▸ **EXERCISE MATERIAL**
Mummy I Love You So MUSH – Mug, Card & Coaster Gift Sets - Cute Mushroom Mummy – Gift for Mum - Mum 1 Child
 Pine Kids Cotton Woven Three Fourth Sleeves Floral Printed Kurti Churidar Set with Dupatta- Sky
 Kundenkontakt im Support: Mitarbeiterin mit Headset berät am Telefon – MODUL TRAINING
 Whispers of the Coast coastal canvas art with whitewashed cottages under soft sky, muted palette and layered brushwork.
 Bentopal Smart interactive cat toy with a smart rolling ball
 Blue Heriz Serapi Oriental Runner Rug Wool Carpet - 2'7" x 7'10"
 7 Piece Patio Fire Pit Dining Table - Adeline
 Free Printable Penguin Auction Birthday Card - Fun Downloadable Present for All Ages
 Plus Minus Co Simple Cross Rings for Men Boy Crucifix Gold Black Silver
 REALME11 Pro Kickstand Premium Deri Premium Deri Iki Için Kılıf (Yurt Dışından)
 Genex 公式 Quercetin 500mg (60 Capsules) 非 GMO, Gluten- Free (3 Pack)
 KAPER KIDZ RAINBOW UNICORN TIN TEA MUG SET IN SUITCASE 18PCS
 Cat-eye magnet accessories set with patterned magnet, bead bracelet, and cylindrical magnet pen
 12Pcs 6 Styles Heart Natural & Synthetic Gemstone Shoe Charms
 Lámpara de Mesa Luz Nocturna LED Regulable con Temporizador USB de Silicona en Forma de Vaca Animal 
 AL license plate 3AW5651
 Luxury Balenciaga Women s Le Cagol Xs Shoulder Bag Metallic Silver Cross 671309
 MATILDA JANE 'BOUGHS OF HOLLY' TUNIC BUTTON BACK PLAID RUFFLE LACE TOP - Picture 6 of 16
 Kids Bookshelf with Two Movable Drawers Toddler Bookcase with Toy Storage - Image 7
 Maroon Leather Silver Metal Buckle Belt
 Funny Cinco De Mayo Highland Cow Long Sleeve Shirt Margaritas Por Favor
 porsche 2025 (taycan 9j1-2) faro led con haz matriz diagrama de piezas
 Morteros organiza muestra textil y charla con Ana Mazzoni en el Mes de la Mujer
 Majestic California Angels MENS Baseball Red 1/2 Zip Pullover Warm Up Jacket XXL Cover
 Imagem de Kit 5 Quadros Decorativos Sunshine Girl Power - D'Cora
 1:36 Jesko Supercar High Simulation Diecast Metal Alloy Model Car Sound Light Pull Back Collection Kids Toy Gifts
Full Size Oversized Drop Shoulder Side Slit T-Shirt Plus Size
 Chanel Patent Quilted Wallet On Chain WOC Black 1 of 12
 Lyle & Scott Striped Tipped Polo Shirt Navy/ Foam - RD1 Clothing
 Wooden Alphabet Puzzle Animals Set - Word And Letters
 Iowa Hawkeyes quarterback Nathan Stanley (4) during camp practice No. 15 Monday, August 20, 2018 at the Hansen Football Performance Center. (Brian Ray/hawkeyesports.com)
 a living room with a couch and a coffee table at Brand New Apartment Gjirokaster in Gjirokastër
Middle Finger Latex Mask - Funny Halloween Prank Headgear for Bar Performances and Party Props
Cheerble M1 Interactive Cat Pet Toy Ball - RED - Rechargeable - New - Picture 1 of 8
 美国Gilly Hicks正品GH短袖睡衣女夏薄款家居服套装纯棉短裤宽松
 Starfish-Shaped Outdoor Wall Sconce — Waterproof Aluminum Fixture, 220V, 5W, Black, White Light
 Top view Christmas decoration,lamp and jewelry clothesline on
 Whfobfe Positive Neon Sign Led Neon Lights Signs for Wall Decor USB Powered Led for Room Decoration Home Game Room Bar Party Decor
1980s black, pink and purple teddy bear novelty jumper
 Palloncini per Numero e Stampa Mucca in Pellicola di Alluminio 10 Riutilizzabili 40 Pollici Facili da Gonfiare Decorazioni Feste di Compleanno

▸ **TASK OBJECTIVE**
Show all lines above that contain "Silver".

▸ **EXERCISE OUTPUT**
 Plus Minus Co Simple Cross Rings for Men Boy Crucifix Gold Black Silver
 Luxury Balenciaga Women s Le Cagol Xs Shoulder Bag Metallic Silver Cross 671309
 Maroon Leather Silver Metal Buckle Belt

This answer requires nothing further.